YOUR INSTRUCTIONS: A verbatim copy of the full data, with no pictures, is the expected answer.

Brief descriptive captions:
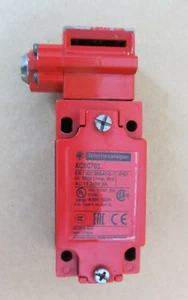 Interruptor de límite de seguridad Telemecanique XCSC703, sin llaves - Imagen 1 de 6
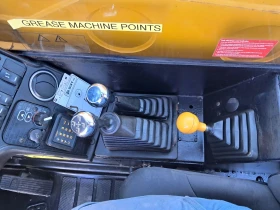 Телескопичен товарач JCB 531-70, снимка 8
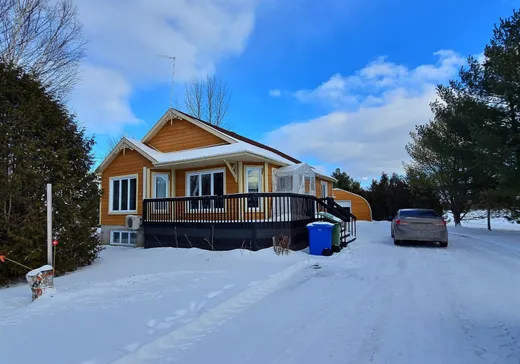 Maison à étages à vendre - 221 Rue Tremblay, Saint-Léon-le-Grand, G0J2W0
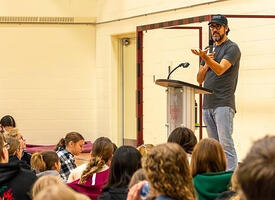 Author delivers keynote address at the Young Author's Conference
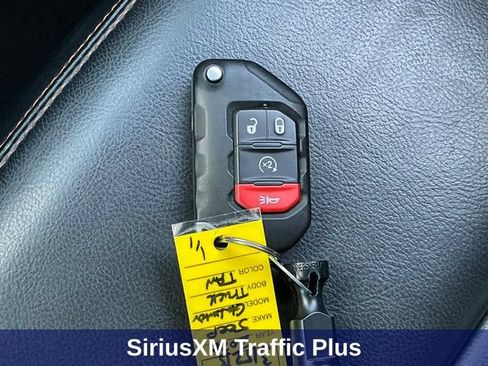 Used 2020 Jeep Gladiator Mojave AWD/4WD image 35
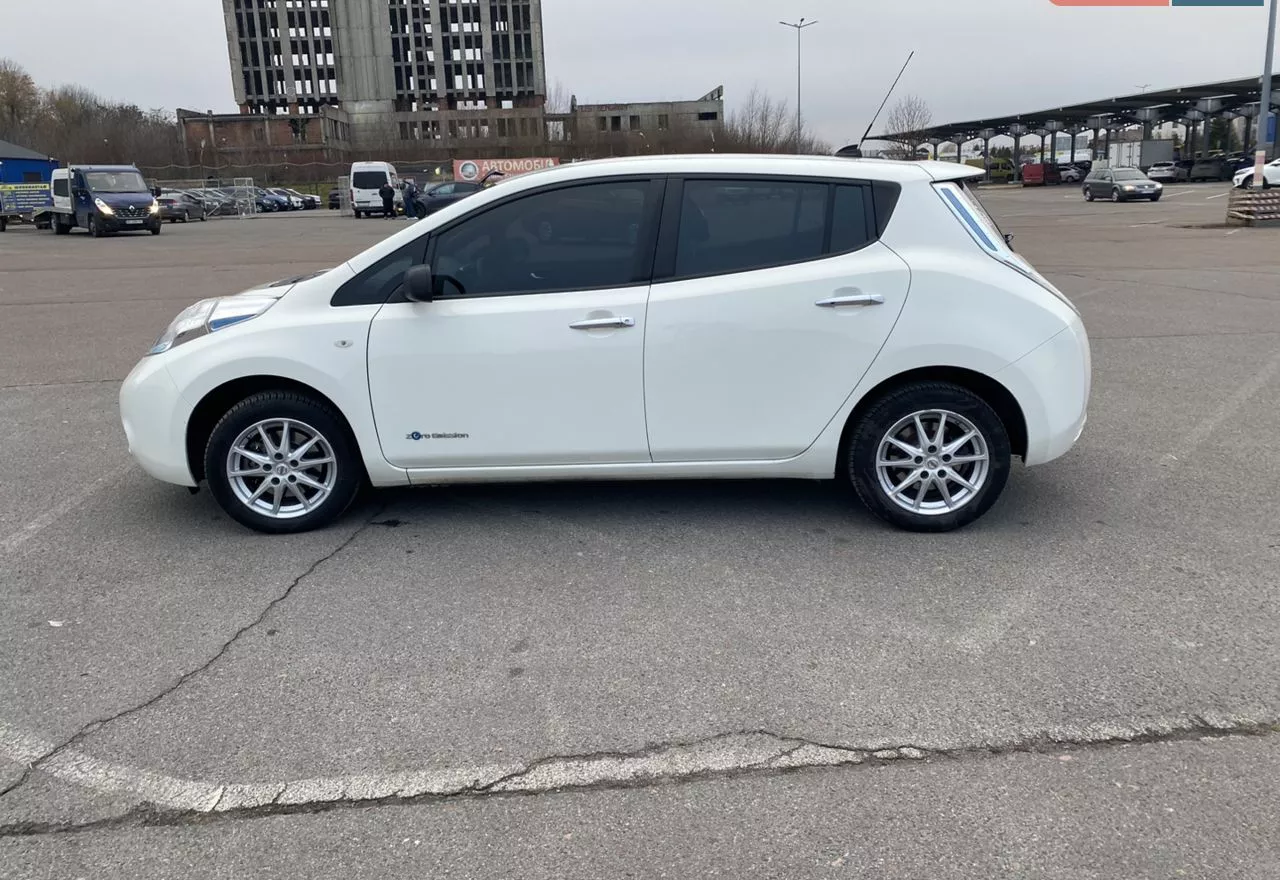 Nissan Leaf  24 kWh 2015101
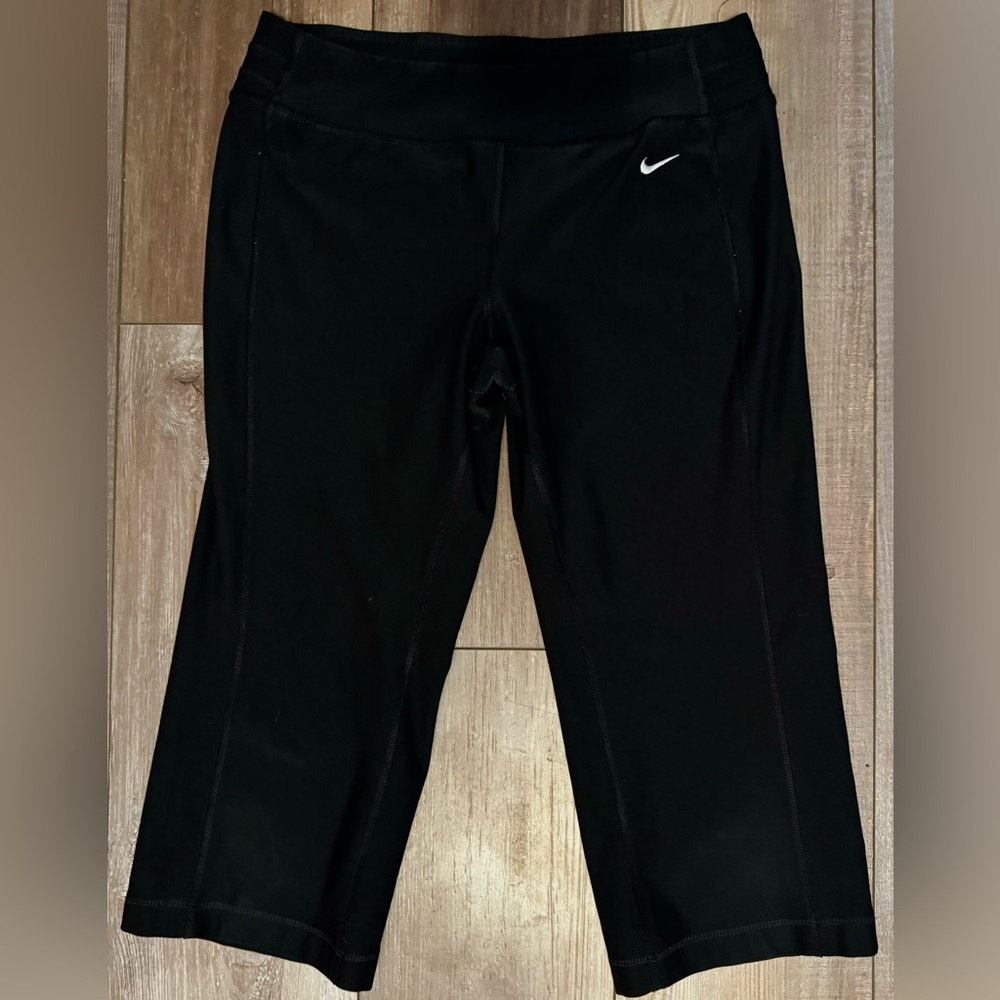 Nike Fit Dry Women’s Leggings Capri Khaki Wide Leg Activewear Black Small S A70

COMPLETED TASK:
 Interruptor de límite de seguridad Telemecanique XCSC703, sin llaves - Imagen 1 de 6
 Телескопичен товарач JCB 531-70, снимка 8
 Maison à étages à vendre - 221 Rue Tremblay, Saint-Léon-le-Grand, G0J2W0
 Author delivers keynote address at the Young Author's Conference
 Used 2020 Jeep Gladiator Mojave AWD/4WD image 35
 Nissan Leaf  24 kWh 2015101
 Nike Fit Dry Women’s Leggings Capri Khaki Wide Leg Activewear Black Small S A70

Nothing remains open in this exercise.